Below are entries; copy exactly the lines from the one with "Wellyu new Custom" through the one with "Holly Buds &", both included, and leave out the rest.

___ PROVIDED DATA

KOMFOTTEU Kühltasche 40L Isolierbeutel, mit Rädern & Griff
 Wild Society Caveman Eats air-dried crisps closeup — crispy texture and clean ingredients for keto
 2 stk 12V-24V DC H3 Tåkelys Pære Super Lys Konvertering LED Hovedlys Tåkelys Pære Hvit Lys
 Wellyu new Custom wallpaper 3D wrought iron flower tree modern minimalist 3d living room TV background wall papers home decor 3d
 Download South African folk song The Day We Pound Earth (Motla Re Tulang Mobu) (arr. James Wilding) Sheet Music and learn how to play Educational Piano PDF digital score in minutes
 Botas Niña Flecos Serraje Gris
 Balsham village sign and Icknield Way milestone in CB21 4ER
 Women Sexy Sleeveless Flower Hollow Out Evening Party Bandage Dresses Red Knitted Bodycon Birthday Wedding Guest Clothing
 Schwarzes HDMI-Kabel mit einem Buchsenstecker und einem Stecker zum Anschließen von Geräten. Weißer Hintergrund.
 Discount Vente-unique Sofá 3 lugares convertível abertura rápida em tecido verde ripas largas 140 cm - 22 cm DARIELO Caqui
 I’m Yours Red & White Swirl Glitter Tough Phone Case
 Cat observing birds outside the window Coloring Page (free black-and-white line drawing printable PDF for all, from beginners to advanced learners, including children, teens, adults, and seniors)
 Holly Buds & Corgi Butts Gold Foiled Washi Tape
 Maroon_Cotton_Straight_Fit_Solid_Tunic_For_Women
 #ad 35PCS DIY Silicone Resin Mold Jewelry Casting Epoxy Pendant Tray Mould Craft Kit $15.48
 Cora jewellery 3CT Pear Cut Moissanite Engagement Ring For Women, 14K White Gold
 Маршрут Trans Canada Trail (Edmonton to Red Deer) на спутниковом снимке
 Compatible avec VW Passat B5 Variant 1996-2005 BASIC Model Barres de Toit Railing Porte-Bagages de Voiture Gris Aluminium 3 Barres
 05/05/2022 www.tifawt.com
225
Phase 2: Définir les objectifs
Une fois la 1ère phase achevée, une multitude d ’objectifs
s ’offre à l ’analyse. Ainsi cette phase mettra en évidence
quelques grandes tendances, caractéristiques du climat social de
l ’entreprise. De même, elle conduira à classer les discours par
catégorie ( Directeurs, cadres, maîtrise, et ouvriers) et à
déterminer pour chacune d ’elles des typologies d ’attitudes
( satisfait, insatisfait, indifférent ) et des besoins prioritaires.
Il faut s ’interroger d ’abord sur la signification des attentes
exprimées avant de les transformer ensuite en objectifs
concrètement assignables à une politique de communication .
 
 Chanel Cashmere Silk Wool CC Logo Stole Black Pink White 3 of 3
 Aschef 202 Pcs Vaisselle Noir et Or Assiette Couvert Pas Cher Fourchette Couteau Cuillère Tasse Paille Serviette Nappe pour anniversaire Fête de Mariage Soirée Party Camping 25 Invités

______

● **RESULT OF THE TASK**
 Wellyu new Custom wallpaper 3D wrought iron flower tree modern minimalist 3d living room TV background wall papers home decor 3d
 Download South African folk song The Day We Pound Earth (Motla Re Tulang Mobu) (arr. James Wilding) Sheet Music and learn how to play Educational Piano PDF digital score in minutes
 Botas Niña Flecos Serraje Gris
 Balsham village sign and Icknield Way milestone in CB21 4ER
 Women Sexy Sleeveless Flower Hollow Out Evening Party Bandage Dresses Red Knitted Bodycon Birthday Wedding Guest Clothing
 Schwarzes HDMI-Kabel mit einem Buchsenstecker und einem Stecker zum Anschließen von Geräten. Weißer Hintergrund.
 Discount Vente-unique Sofá 3 lugares convertível abertura rápida em tecido verde ripas largas 140 cm - 22 cm DARIELO Caqui
 I’m Yours Red & White Swirl Glitter Tough Phone Case
 Cat observing birds outside the window Coloring Page (free black-and-white line drawing printable PDF for all, from beginners to advanced learners, including children, teens, adults, and seniors)
 Holly Buds & Corgi Butts Gold Foiled Washi Tape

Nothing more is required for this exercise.